An important observation was the marked improvement in CPM from 6.5% to 28.2% after prolonged exercise. Given that impaired CPM is characteristic of many chronic pain conditions, this change suggests the enhancement of descending pain inhibitory pathways, potentially mediated by exercise-induced neuroplasticity. A previous study indicated improvements in CPM after approximately 12 weeks of low- to moderate-intensity exercise [11], consistent with our observations. In parallel, PPT improved from 7.7 N to 10.0 N, indicating reduced mechanical hyperalgesia and gradual desensitization of peripheral nociceptors through progressive, non-painful physical activity. This finding aligns with existing evidence that graded exercise can downregulate nociceptive afferent activity and reduce peripheral sensitization [12, 13]. A critical factor contributing to the success in this case was the early analgesia provided by the SCS, which interrupted the cycle of inactivity, fear avoidance, and deconditioning commonly observed in patients with chronic pain. SCS effectively bridged the transition to active rehabilitation by reducing pain intensity to allow safe and sustained physical activity.

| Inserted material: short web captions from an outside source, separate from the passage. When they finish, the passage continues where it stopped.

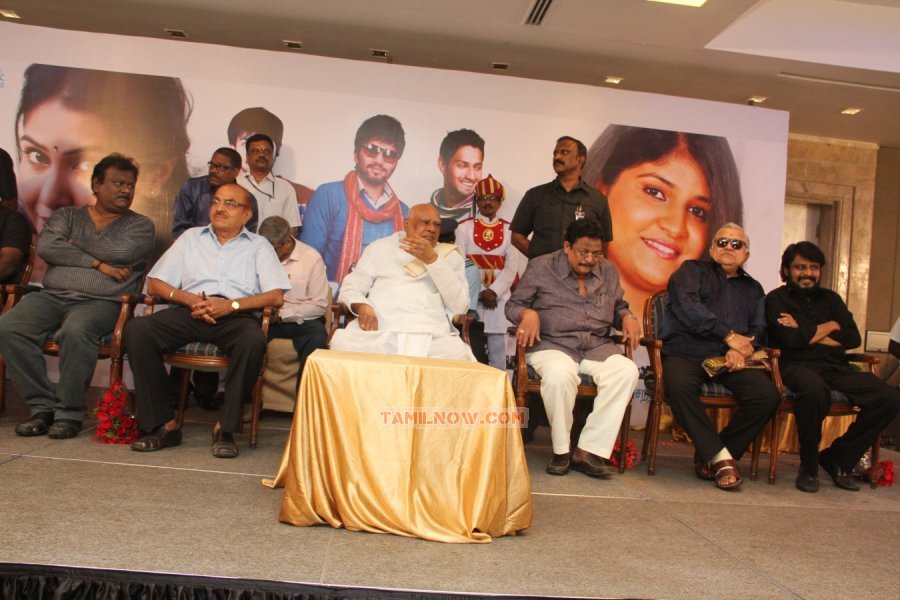 Ilamai Payanam Movie Launch 3094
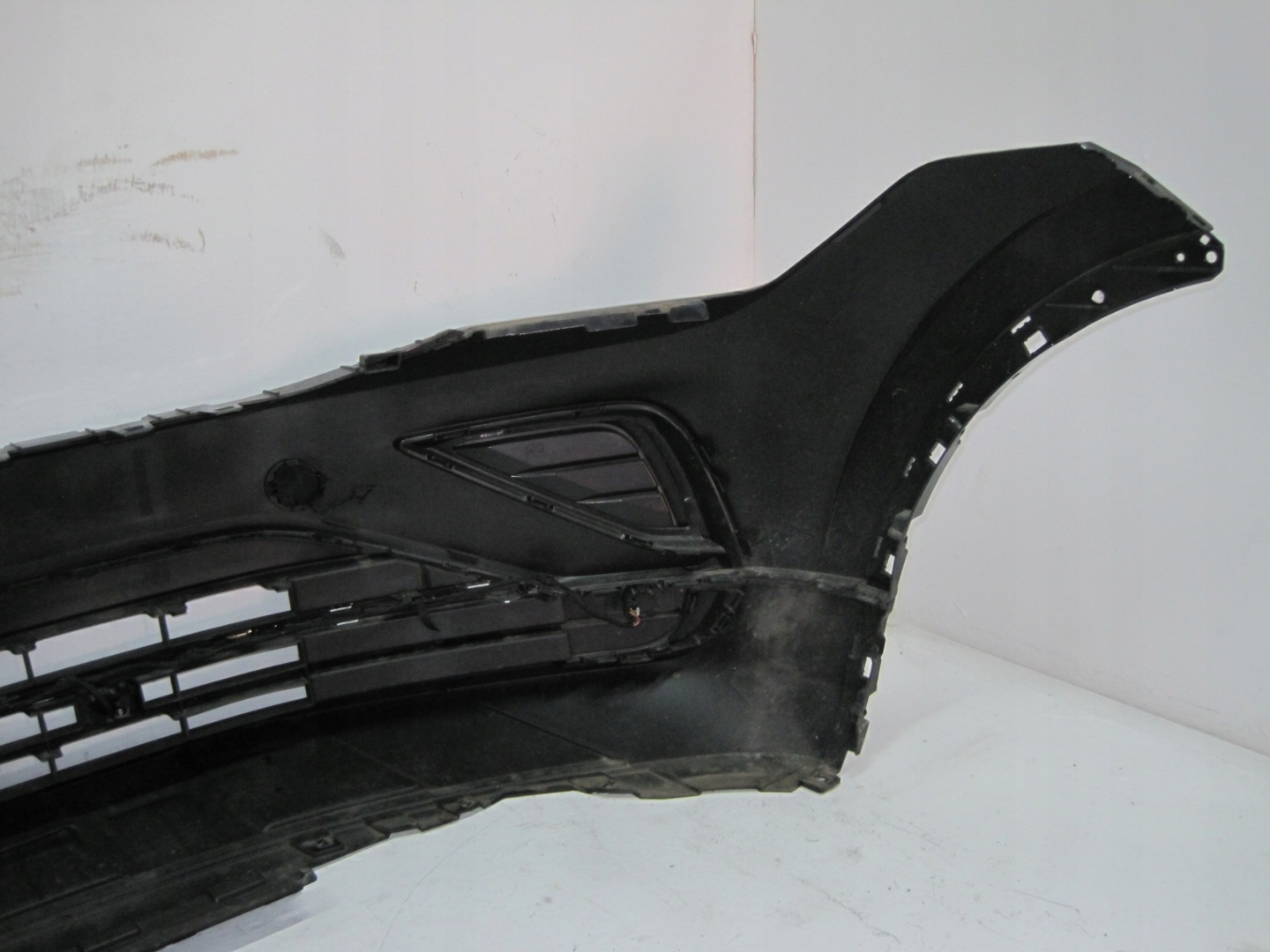 Frontstoßstange VW TIGUAN 5NA 4 PDC LIFT vorne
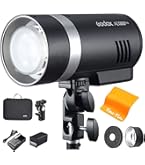 ビデオカメラ Godox AD300 Pro Amazon.com : Godox AD300Pro Studio Outdoor Strobe Flash, AD300 Pro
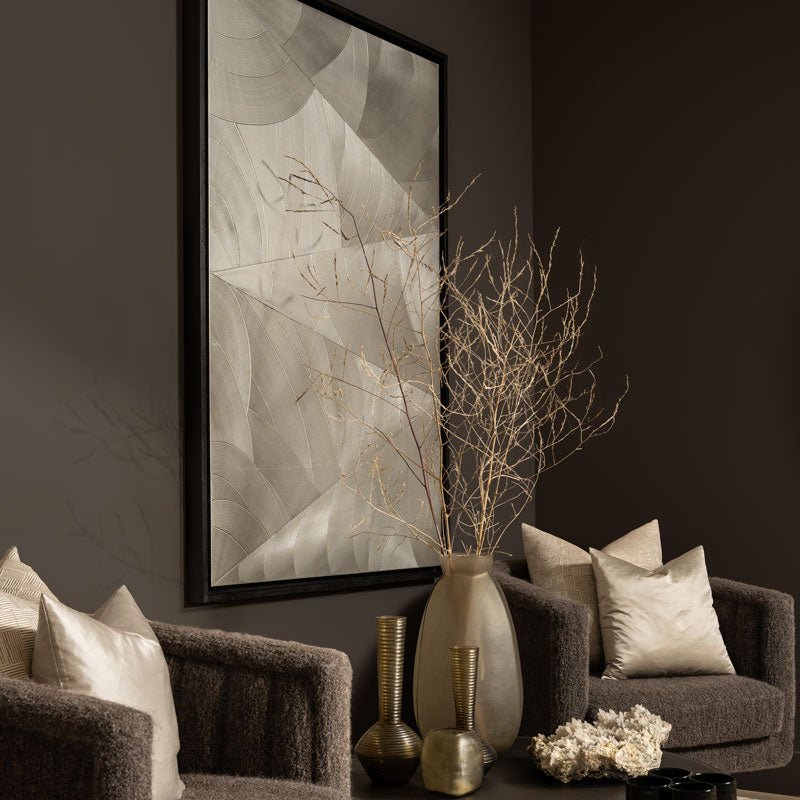 Lava muurverf 100 ml tester - SHADES by Eric Kuster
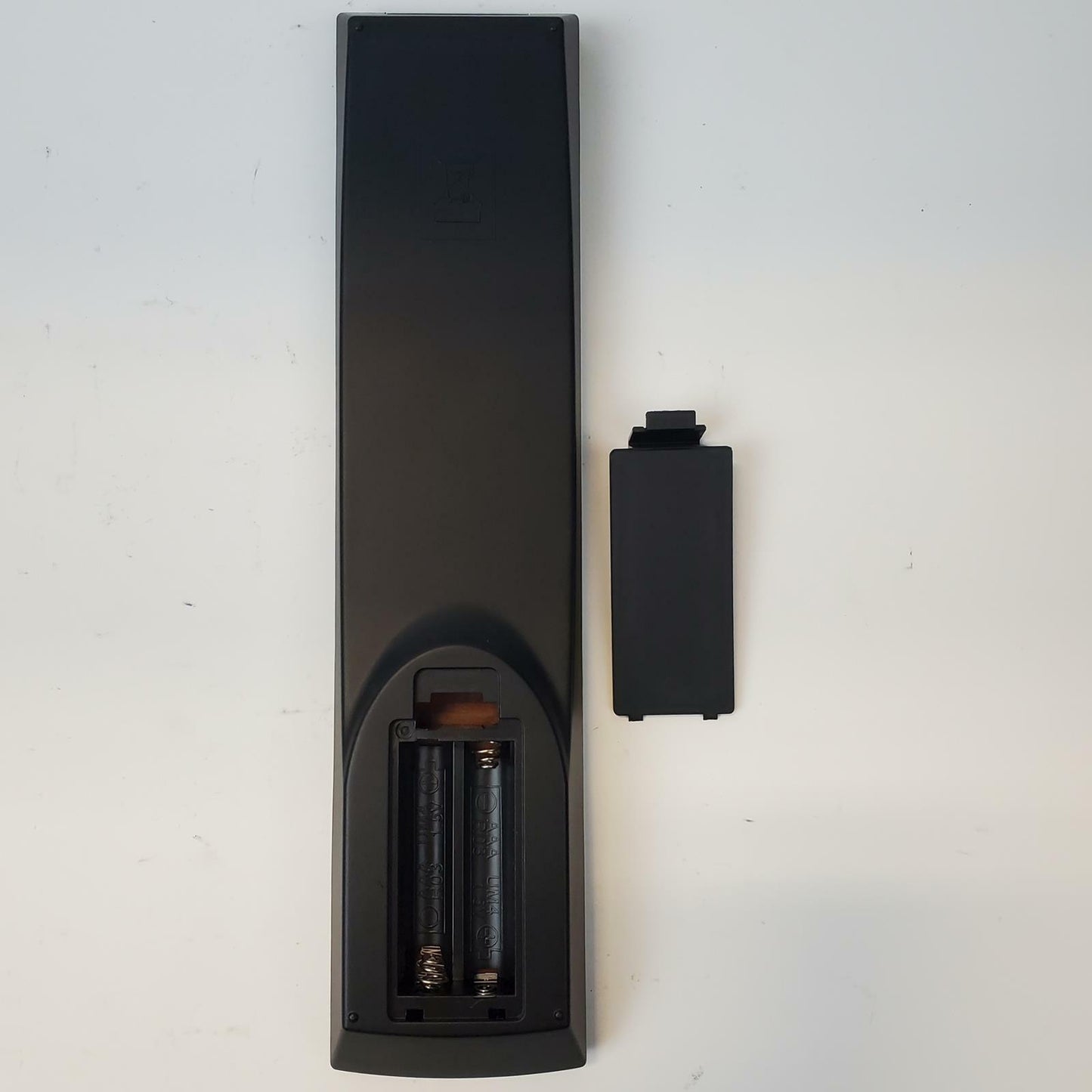 Yamaha BD-A1020 Blu-Ray/SA-CD Player w/ Remote | Grade D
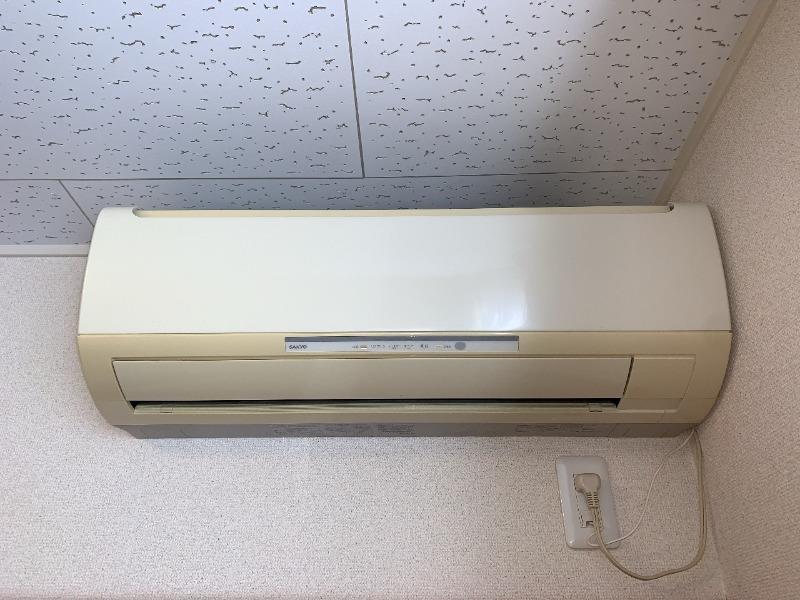 拡大写真：レオパレス２２２ 2階203の同タイプになります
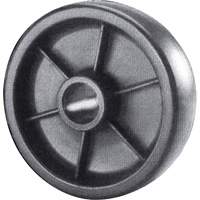 Polyolefin Wheel MG610 | Brunswick Fyr & Safety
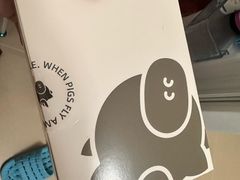 -WHEN PIGS FLY当猪飞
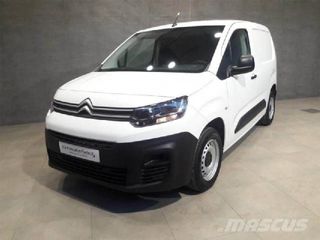 Panel Puerta Delantera Derecha Citroen Berlingo K9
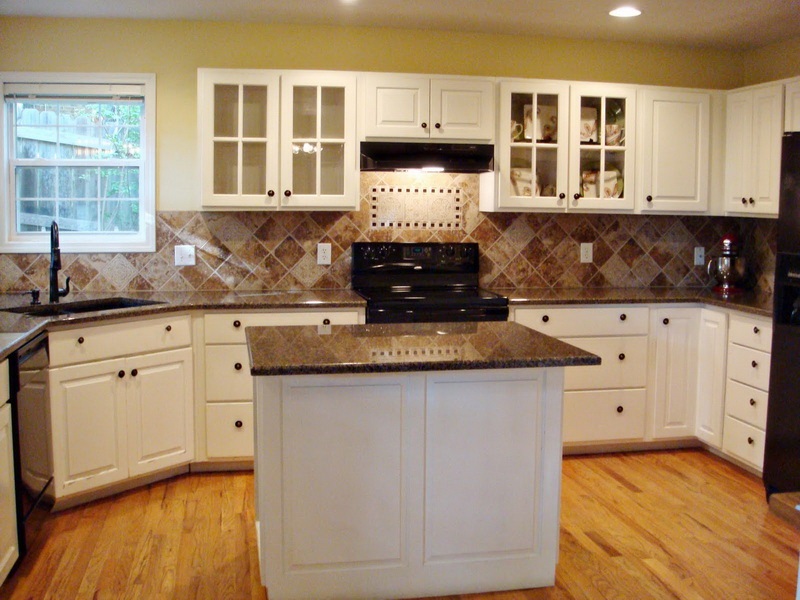 Do you like the new trends in homes? White/Gray vs. more traditional?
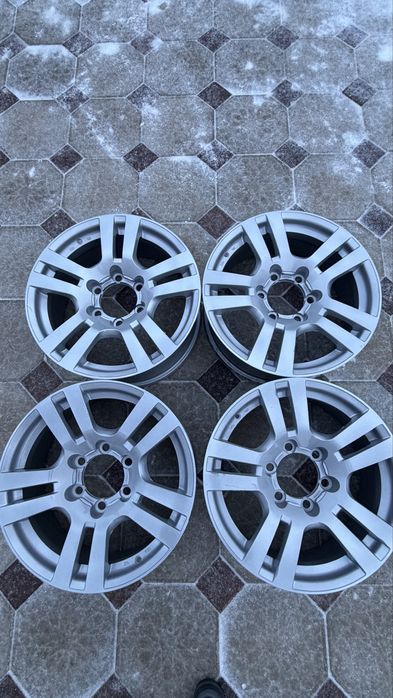 Продам диска 17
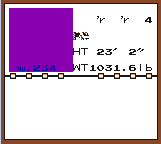 'r 'r 4 PokeDex Entry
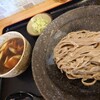 蕎麦と天ぷら ゆずき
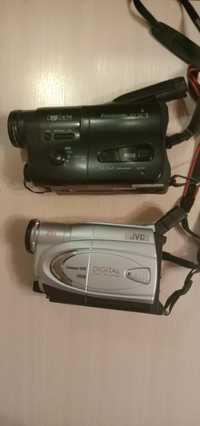 Видеокамеры JVS, Panasonic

Improvement in pain outcomes was accompanied by an increase in %SMM of 1.5% for the lower-limbs and 2.0% for the trunk. These changes are clinically meaningful because skeletal muscle contributes to pain modulation through biomechanical support and the release of anti-inflammatory myokines, such as interleukin-6, which influence central pain processing [14, 15]. These neuromuscular adaptations suggest that exercise not only produces immediate hypoalgesic effects but also contributes to long-term pain control through structural and systemic mechanisms. The potential risk of exercise-induced hyperalgesia was avoided through a carefully individualized rehabilitation approach that emphasized gradual progression and patient tolerance. This strategy prevents symptom exacerbation and promotes adherence, underscoring the importance of personalized exercise prescriptions for chronic pain management.
Although limited by its single-case nature, this report highlights the potential clinical value of combining SCS with structured exercise therapy as part of a multimodal pain management approach. Future research should aim to define optimal exercise parameters and elucidate the neurophysiological mechanisms underlying the analgesic effects of these combined interventions.
In conclusion, this case suggests that combining SCS with structured exercise therapy may improve pain intensity, descending pain inhibition, peripheral sensitization, and physical function. These findings may support the potential effectiveness of combining interventional therapy with exercise therapy, particularly for patients with multiple severe pain events that initially preclude exercise participation.